01 › bermula.

664 79 9
                                    

semi baku.
start writing 13 September 2022.

disease
my heart hurts but yours stopped beating

Ashkala Renjian, pemuda kelahiran Jakarta itu tengah duduk ditepi ranjang dengan tangan kanan tertancap infus itu berulang kali menghembuskan nafas gelisah karena sudah sejam lalu ia menerima pesan dari seseorang yang katanya ingin datang menemuinya. Namun, sampai sekarang orang itu belum juga datang.

"Maaf.. Jia, tadi macet." Suara seorang pemuda menyapa indra pendengaran serta indra pengelihatan Renjian.

Jia memutar mata malas menganggapi pemuda yang kini sudah membuka plastik putih bawaannya, "Sudah aku katakan agar Kak Ryan saja dan kamu tidak perlu repot untuk datang ke rumah."

"Kak Ryan sedang ada urusan dengan Tim Futsalnya, akuㅡ"

"Lalu, kamu bolos latihan Basket lagi?"

Jia mendecak samar saat menerima beberapa obat dari tangan Gamara Elcakra yang sama sekali tidak menggubris perkataannya, ia pasrah dan memilih meminum langsung semua obat dalam sekali tegukan. "Jangan bolos lagi, aku merasa tidak enak dengan teman-temanmu.. apalagi kamu kapten Tim Basket." Ujarnya.

alis Gamara tertaut, "Kenapa kamu justru mementingkan urusanku? Sekarang kamu pentingkan kesehatan kamu dulu, kalau sudah sembuh baru mengomel."

"Loh.. kok kamu mengomel?" Jia mengejek sambil tertawa disela-sela dadanya yang terasa nyeri.

"Kamu istirahat dulu yang cukup, katanya ingin kembali sekolah?" Gamara mengalihkan tawa Jia.

"Iya nih, Ayah sudah memberi ijin.. tetapi dengan syarat aku harus sembuh!" Sungut Jia diakhir kalimatnya.

Gamara yang sudah duduk dikursi sebelah ranjang Renjian hanya tertawa pelan sebagai respon. "Sembuh ya? Aku yakin kamu bisa sembuh, kamu cukup rajin checkup sama minum obat." Ujar Gamara teduh dan tulus mengusap surai hitam Jia.

"Tapi, kenapa aku tidak yakin ya? Rasanya aku sudah mau menyerah saja setiap kambuh."
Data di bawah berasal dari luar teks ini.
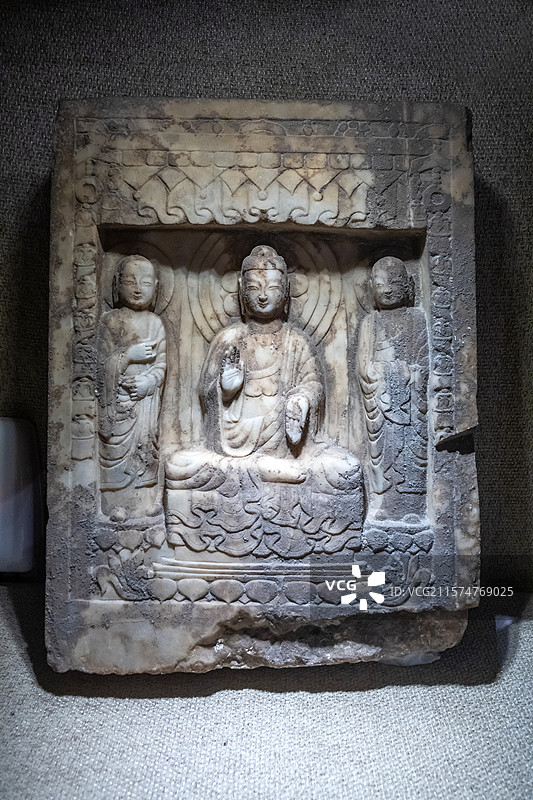 陕西省西安市博物馆一佛二菩萨佛龛北周557-581年西安市未央区出土图片素材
gerakan tangan Gamara yang tadinya aktif mengusap pelan surai Renjian pun terhenti. Netra teduhnya memandang wajah pucat tapi tetap terlihat cantik itu, bibir Gamara ingin sekali mengucapkan kalimat semangat. Namun, mendadak kelu saat terpaku pada tatapan sayu si submissive yang benar-benar menandakan sebuah penyerahan.

"Kalau nanti aku menyerah dan tidak kuat lagi.. tolong ya, jangan tahan aku."

terhenyak, Gamara membuang muka dari atensinya yang tadinya tertuju penuh pada Renjia, "Kamu ngomong apa?"

"Aku lelah, setiap hari meminum obat yang ibaratnya seperti hidupku ini bergantung pada obat."

"Jia, sudah bicara buruknya? Kamu tidak ingin membuat Ayah dan Kakak serta Gamara.. sedih, kan? Kita semua itu sayang kamu." Celetuk orang yang sejak tadi berdiri diambang pintu saat Renjian mulai mengeluh.

"Kak.. bukan begitu." Sontak Jia langsung duduk melihat sang Kakak yang masih menggunakan sragam SMA masuk ke dalam kamarnya, "Kakak baru pulang? Gimana latihannya?" alihnya.

"Biasa aja." Hendryan Algatra, Kakak dari Jia itu beralih pada temannya, Gamara Elcakra. "Gam, sorry ngerepotin lo." ujarnya karena merasa merepotkan temannya itu.

"Santai, Yan, kayak sama siapa aja."

"Ya, yaudah deh calon adek iparㅡahk!"

"Tutup mulut lo." Sambar Gamara sebelum Ryan menyelesaikan kalimatnya, bahkan ia sampai menginjak sepatu Ryan agar temannya itu tidak menyelesaikan kalimatnya.